DINOSAURI
Edizione italiana: Interno
Giallo Editore, 1991
Titolo originale: Dinosaur
Tales
Cosa mai è in grado di attrarre, affascinare e
sedurre i ragazzi di ogni tempo più del mistero, dell’orrido e dell’inverosimile?
E cos’altro meglio dei dinosauri è in grado di sintetizzare
e racchiudere in un unico soggetto tutto ciò?
A volte sembriamo dimenticarci del
fascino ingombrante che questi bestioni, estintisi 65 milioni di anni fa,
hanno presto o tardi suscitato in tutti noi. Ma, fortunatamente, a quest’oblio
si è sottratto Bradbury che, in una breve antologia ricca di poesia
(non solo figurata) ci fa rituffare in fantasie sepolte nel tempo. Un tuffo
nell’onirico e nell’infanzia rafforzato dalle illustrazioni (spesso veramente
spettacolari), realizzate da grandi disegnatori e fumettisti americani
ed europei, che accompagnano ogni racconto.
L’antologia coniuga in maniera organica,
sia racconti (originali ma anche già pubblicati) che poesie. Ed
è proprio in relazione a queste ultime che qualche critica dovrebbe
essere fatta all’editore: non è mai facile cercare di tradurre in
una lingua differente da quella d’origine suoni, immagini e ritmi che formano
l’essenza stessa di una poesia. A maggior ragione le liriche scaturite
da un fine e capace linguista qual è Bradbury. Non sarebbe stato
perciò meglio evitare di tradurle? Oppure, ancora meglio, Non sarebbe
stato meglio accompagnare la traduzione italiana dal testo in lingua inglese?

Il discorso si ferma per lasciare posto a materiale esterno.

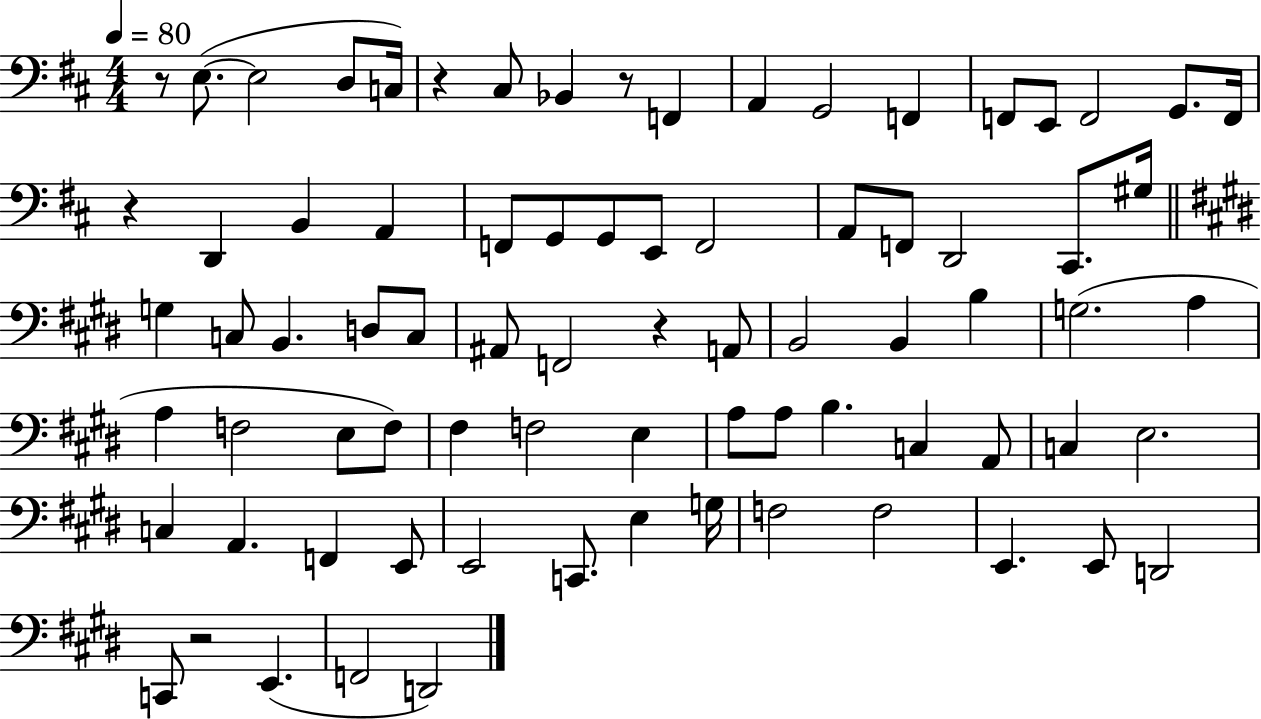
R/e E3/e. E3/h D3/e C3/s R/q C#3/e Bb2/q R/e F2/q A2/q G2/h F2/q F2/e E2/e F2/h G2/e. F2/s R/q D2/q B2/q A2/q F2/e G2/e G2/e E2/e F2/h A2/e F2/e D2/h C#2/e. G#3/s G3/q C3/e B2/q. D3/e C3/e A#2/e F2/h R/q A2/e B2/h B2/q B3/q G3/h. A3/q A3/q F3/h E3/e F3/e F#3/q F3/h E3/q A3/e A3/e B3/q. C3/q A2/e C3/q E3/h. C3/q A2/q. F2/q E2/e E2/h C2/e. E3/q G3/s F3/h F3/h E2/q. E2/e D2/h C2/e R/h E2/q. F2/h D2/h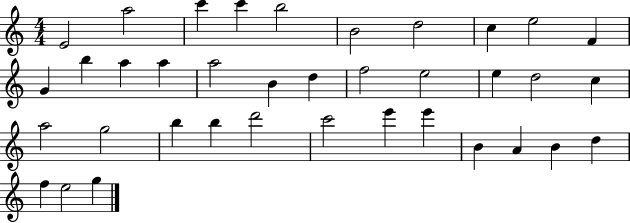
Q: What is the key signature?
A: C major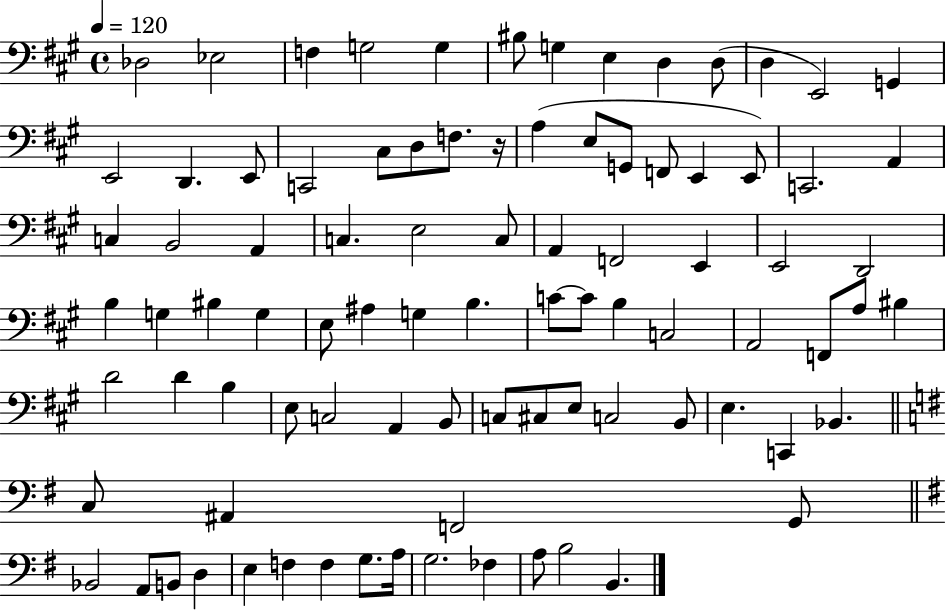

Forse è stata un’occasione persa per far conoscere anche in Italia
la vasta opera che Bradbury ha dedicato alla poesia, ma tant’è.
Cerchiamo di goderci quello che c’è e cerchiamo di immaginare come
sarebbe stato ....
CONTENUTO
Nel seguente elenco sono riportati i titoli (tra parentesi
il titolo originale, la pubblicazione dalla quale è stata tratta
l’opera e l’autore delle illustrazioni) e gli incipit dei vari racconti
della traduzione di Lidia Perria:
Introduzione (Introdution
pubblicato per questo volume. Illustrazioni
di Kenneth Smith)
«Una sera a cena, qualche anno fa, qualcuno chiese
a ognuno di noi di indicare, in ordine d’importanza, i nostri argomenti
preferiti in tutta la storia universale.
"I dinosauri!" esclamai io. Aggiungendo
subito: "L’Egitto. Tutankhamon. Le mummie!"
A conferma delle mie scelte, raccontai
un aneddoto sulla mia vita di dodicenne genio in erba. Dichiarando agli
amici che ero destinato alla vita di attore radiofonico, mi ero spinto
fino alla stazione radio locale di Tucson, in Arizona, dove mi aggiravo
solitario, senza radici, svuotando portacenere, correndo a ordinarie coche
ed esercitando il mio peculiare magnetismo animale. Nel giro di due settimane,
mi ritrovai …»
A parte un dinosauro, che cosa vuoi
diventare da grande? (Whatta Ya Wanna Be
When You Grow Up? pubblicato per questo
volume. Illustrazioni di David Wiesner)
«Chiedetemi qualche cosa, okay?
A parlare era stato Benjamin Spaulding,
età 12 anni. I ragazzi, stesi sul prato estivo attorno a lui, non
fecero neppure lo sforzo di aprire un occhio o dimenare la coda. Uno solo
sbadigliò.
"Avanti" insistette Benjamin. Qualcuno
mi faccia una domanda.
Forse ad ispirarglielo fu il cielo
che stava fissando. Lassù in alto veleggiavano sagome gigantesche,
bestie che si dirigevano chissà dove, provenienti da chissà
quale era lontana. Forse fu il brontolio di un tuono oltre l’orizzonte,
un temporale che si stava per decidersi di arrivare. O forse …»
Rombo di tuono (Sound
of Thunder pubblicato in Collier’s
da "Curtis Publishing Company". Illustrazioni di William Stout)
«La scritta sulla parete sembrava ondeggiare sotto
una pellicola d’acqua calda in movimento. Eckels sentì le palpebre
abbassarsi sull’intensità dello sguardo, e in quell’oscurità
momentanea la scritta sfolgorò:
SAFARI NEL TEMPO, INC.
SAFARI IN QUALUNQUE ANNO DEL PASSATO.
VOI INDICATE L’ANIMALE.
NOI VI PORTIAMO LAGGIU’
VOI SPARATE.
Un grumo caldo di muco si fermò
nella gola di Eckles, che deglutì per mandarlo giù. I muscoli
attorno alla bocca formarono un sorriso, mentre stendeva lentamente la
mano nell’aria, e in quella mano sventolava un assegno di diecimila dollari
verso l’uomo seduto alla scrivania.
"Questo safari mi da la garanzia che
tornerò …»
Ode al dinosuro danzante (Lo,
the Dear, Daft Dinosaurs pubblicato per
questo volume. Illustrazioni di Overton Loyd)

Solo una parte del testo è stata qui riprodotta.